She smiled up at him, determined to prove her point. He kissed her, as far as he would go toward admitting she was right, and then turned to peer through the rain at the inn.

“I can only guess what manner of infernal den he’s taking us to,” he said. “We’ll be fortunate not to be robbed and murdered in our bed.”

She leaned close to the glass beside him. “Why, it looks quite agreeable,” she said. “Not an infernal den at all. Quite welcoming, actually.”

But as they lumbered into the inn’s yard, Sheffield swore. He couldn’t help it. He’d good reason, too. He recognized the inn at once, and while it might not appear an infernal den to Diana’s innocent eyes, it was damnably close. The Green Turtle was an inn pleasingly situated on the river, not far from Bagnigge Wells and barely outside the city. The house kept an excellent cellar and better cook, and was famous for the sherry-laced turtle soup that provided its name.
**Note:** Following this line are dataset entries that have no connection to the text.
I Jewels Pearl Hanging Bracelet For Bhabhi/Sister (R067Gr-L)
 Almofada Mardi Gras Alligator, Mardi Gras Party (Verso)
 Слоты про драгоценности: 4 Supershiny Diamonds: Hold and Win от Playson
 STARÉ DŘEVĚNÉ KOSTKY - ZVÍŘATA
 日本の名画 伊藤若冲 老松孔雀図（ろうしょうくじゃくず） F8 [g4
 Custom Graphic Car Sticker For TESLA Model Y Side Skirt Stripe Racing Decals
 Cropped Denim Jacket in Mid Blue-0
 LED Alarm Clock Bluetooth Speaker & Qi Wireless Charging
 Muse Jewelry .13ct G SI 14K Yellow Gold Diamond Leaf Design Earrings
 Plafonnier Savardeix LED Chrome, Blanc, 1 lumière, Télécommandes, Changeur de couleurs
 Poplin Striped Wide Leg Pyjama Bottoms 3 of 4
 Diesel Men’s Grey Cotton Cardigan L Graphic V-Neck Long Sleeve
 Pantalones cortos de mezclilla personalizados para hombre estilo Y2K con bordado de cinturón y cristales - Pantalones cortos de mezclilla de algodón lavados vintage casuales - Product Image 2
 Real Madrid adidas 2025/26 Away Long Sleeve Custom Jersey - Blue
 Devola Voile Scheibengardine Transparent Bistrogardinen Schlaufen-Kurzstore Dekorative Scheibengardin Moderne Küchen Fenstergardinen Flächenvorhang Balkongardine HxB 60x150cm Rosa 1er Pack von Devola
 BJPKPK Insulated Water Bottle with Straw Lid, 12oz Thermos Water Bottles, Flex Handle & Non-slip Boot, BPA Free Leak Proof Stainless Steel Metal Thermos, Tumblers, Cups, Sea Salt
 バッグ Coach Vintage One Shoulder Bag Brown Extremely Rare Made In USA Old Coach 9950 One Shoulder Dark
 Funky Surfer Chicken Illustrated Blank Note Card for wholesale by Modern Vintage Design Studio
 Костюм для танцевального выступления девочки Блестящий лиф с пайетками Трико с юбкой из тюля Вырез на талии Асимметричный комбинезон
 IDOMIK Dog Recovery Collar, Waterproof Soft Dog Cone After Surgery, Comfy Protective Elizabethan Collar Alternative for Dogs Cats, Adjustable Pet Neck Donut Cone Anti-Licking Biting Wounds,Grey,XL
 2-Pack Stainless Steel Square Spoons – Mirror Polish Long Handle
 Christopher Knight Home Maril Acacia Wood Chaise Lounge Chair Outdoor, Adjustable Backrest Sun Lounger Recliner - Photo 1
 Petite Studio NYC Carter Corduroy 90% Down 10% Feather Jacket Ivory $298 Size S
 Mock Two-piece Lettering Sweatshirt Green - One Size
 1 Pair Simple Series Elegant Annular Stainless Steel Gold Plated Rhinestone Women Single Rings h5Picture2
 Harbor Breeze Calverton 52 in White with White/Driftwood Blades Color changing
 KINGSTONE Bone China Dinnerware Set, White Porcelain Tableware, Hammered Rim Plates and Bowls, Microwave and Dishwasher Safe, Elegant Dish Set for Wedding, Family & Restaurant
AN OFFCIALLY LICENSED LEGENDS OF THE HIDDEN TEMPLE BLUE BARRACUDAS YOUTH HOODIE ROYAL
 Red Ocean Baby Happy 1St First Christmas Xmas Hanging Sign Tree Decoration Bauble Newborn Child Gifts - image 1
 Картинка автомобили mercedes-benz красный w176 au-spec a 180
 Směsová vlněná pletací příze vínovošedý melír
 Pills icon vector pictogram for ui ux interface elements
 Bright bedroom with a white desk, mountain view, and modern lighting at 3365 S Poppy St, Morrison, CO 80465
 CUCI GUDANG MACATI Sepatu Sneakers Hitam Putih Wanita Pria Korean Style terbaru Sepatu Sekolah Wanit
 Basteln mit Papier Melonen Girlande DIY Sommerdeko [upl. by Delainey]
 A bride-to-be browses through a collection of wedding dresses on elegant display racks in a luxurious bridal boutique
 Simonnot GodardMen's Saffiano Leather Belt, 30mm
But the Green Turtle was far more famous for ill-fame than soup, and widely known for discretion and for assignations. It was the place where philandering gentlemen brought nubile actresses, and wayward noble wives could meet their latest cicisbeo for an afternoon’s dalliance. Everyone in London knew of the Green Turtle, though no one ever admitted to having been there. Sheffield had been there himself, once or twice when he’d been much younger and lured by the infamy of the place—not that he would admit it now.

But to be cast on this particular doorstep with Diana seemed the cruelest of ironies, and the most unseemly. He had wanted to behave as honorably to her as he could, not spend their first night together—or what was left of it—in an expensive bawdy house.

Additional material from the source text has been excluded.